We create modular flat-pack wooden blocks that can be used to assemble furniture, desks and walls. It’s a very adaptable concept that can be taken down a few different paths, but we decided to focus on startup offices as our beachhead market. Startups are very dynamic environments that need to be collaborative. Office space should mimic the constant change that startups undergo and adapt as the needs of the company change, which is where the flexibility of our product comes in. Other avenues that were considered included producing easily assembled homes for people in developing countries. It’s a very exciting idea, but being based out of Innovation Park made startups the perfect market to start with.
Who’s on the team right now?
The Blockify team right now consists of Matt Leevy, Jeff Riney, Ryan Kreager and myself. Because it’s a startup, we don’t have any defined roles yet – we only started about 3 weeks ago so we’re still deciding the direction to go with the company. Matt is very much experimenting with the design and build of the blocks because he’s based in the Innovation Lab. We’ve gone through a few iterations of the blocks based on feedback from workshops and potential customers. Jeff and I pitched the company last week to the IDEA Center, which was interesting because I’m a Venture Coach and usually I’m on the other side listening to the pitches. We have been busy brainstorming the beachhead market to go through, as well as the design of the logo.
We also ran a workshop for the Office of Business Development at Notre Dame, where we invited their staff in to tour the lab and make some blocks and gadgets. We got a lot of feedback from this.
By getting more involved with the manufacturing we will be able to fulfill upcoming orders. Ryan Kreager from the IDEA Center is working on a website that will help move the company forward.
What were some of the challenges you found while working on this?
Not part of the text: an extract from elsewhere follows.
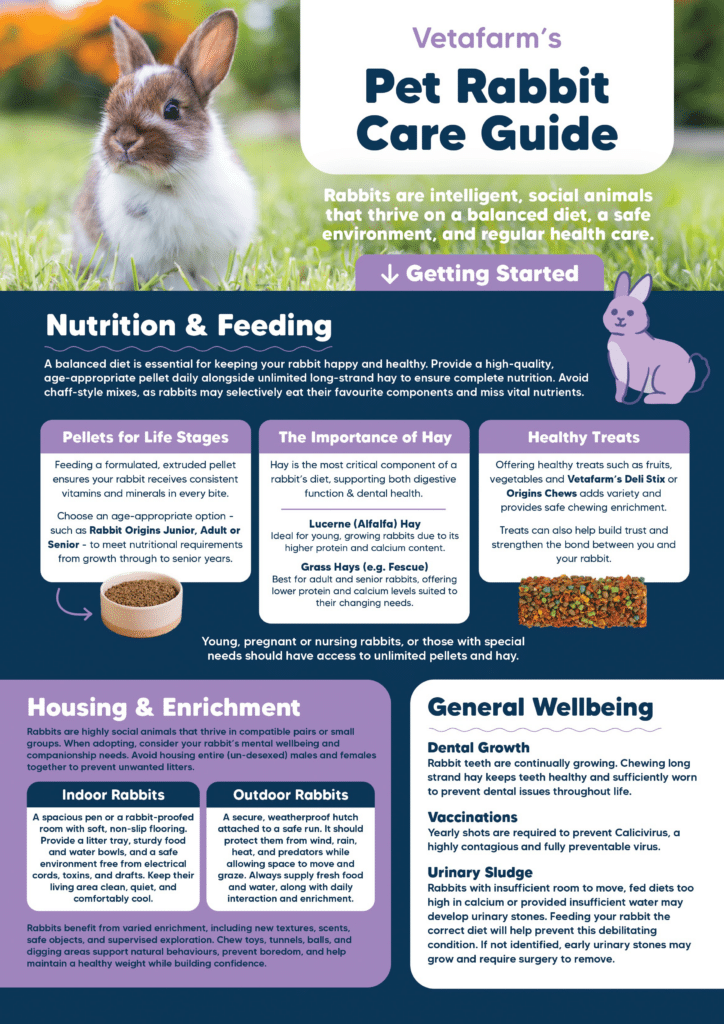Care guide for rabbit owners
I think one of the main ones is that in the beginning of a startup, everything is a decision. We iterated over the name a few times, the market we were going to target as well as the design of the blocks. These blocks can serve so many functions like housing, sheds, couches, bed frames, desks, storage, and many others, that choosing one main market took a bit of discussion. You don’t want to choose too narrow a market but you also don’t want to spread yourself too thin either. Then we had to consider the design of the blocks themselves. So actually being able to make them easily assembled by regular people was pretty tough, but the incredible Matt Leevy took care of that.
Any other challenges?
I think that the main challenge is just getting a consensus from everyone as to the strategy going forward – as I mentioned, we have so many avenues to go down with this that we wanted to decide as a team and go full charge down one path instead of spreading ourselves too thin trying to chase multiple markets. The team meet every week and we have very productive meetings. We go in with a mindset to just get as much done as possible, and it’s been working well for us. So far things are going well and it’s been very interesting!
What are the next steps?
That’s another thing we’ve discussed. We’re hoping to potentially bring someone on to the team that could run this after myself and Jeff graduate. We’re also thinking about entering Race to Revenue, and we’re thinking of bringing another member onto the team to do that.
In terms of long term strategy, we want to focus on getting our product to market, and we also have some interesting things planned for IDEA Week in April to showcase just how versatile these blocks are. We’re talking with different people in startups, with the aim of doing some pilot projects to show how our blocks in action. That way, we can also get some product photography so we can sell online once the website is up and running.
Ultimately we need to balance our social mission with the need to make a profit from this company. We’ve discussed doing a partnership where, for example, for every 10 blocks we sell, one is donated to third world housing or some sort of homeless shelter. Of course, the details of that really need to be talked about, and there’s a lot of things we need to consider there but we feel there are really exciting ways to give back and make this something that contributes to the greater good.